Français, Anglais, Autrichien, Prussien, quiconque a voyagé dans l’empire du croissant, en revient ou philottoman ou Turcophobe, selon qu’il a pratiqué davantage les gouvernans ou les gouvernés. Parmi les livres publiés cette année sur la Turquie, il en est deux fort intéressans. L’un est d’un Anglais, le lieutenant-colonel James Baker, qui, après s’être promené dans la Roumélie et dans la Macédoine, est devenu propriétaire dans le district de Salonique. L’autre, intitulé la Turquie moderne peinte par un Osmanli, a été écrit, croyons-nous, par un docteur allemand, fixé à Stamboul et qui ne paraît pas en être sorti[1]. M. Baker a beaucoup pratiqué le paysan Turc, il est devenu philottoman et ne s’en cache point. Le prétendu Osmanli, d’origine germanique, a vu beaucoup de pachas, et il incline à la Turcophobie ; mais comme ces deux écrivains sont l’un et l’autre des hommes de sens et de réflexion, ils s’accordent sur plus d’un point. Le lieutenant-colonel anglais estime que l’administration turque laisse infiniment à désirer, et l’anonyme allemand déclare qu’on serait fort injuste envers le peuple turc si on le jugeait sur l’immense majorité de ceux qui l’administrent ou le gouvernent.

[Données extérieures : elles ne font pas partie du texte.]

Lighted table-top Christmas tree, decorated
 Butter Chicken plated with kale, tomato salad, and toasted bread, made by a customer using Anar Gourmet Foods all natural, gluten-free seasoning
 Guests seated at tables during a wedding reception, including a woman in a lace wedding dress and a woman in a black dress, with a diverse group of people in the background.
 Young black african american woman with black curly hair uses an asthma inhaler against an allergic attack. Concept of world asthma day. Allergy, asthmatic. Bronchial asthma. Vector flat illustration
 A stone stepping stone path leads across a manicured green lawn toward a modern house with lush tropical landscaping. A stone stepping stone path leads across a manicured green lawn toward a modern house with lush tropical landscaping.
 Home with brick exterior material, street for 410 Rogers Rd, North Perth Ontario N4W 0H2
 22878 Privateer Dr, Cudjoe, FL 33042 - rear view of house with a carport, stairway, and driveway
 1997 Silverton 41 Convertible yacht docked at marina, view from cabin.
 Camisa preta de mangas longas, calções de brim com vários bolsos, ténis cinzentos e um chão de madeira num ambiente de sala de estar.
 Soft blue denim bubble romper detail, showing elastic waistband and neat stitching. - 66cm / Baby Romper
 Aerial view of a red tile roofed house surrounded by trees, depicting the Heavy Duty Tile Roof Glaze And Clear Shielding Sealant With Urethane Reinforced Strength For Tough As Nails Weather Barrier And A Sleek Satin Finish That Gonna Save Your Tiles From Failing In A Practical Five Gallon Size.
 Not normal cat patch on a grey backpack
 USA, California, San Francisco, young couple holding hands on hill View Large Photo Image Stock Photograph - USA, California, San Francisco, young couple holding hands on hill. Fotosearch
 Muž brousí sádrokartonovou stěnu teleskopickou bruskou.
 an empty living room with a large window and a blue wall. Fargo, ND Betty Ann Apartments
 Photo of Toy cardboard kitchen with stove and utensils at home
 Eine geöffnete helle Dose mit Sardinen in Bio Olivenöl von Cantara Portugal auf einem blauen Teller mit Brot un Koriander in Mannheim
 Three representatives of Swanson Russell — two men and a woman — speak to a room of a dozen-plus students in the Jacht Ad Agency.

M. Baker ne se repent point d’avoir acquis dans le district de Salonique une terre considérable qui paraît être de bon rapport ; il y a appris à se défier des Turcophobes, de leurs hyperboles, des nouvelles à sensation dont ils remplissent leurs brochures et leurs journaux. Il lui est arrivé l’an dernier de lire dans certaines feuilles que le vilayet de Salonique était inhabitable, que la propriété n’y était pas sûre, que l’anarchie y régnait, que les infortunés chrétiens étaient dépouilles sans miséricorde de leurs derniers sous pour contribuer aux dépenses de la guerre de Serbie, et il s’est demandé s’il était éveillé ou s’il rêvait. — « Ma terre, nous dit-il, est entourée de villages Turcs et chrétiens, je connais beaucoup de mes voisins des deux religions, et je puis assurer qu’ils commercent paisiblement ensemble. La vie et la propriété sont tellement en sûreté que mon intendant écossais, établi sur les lieux avec sa femme et ses enfans, ne se donne pas même la peine de fermer au

  1. Turkey in Europe, by James Baker, Londres, 1877. — Stambul und das moderne Türkenthum, von einem Osmanen, Leipzig, 1877.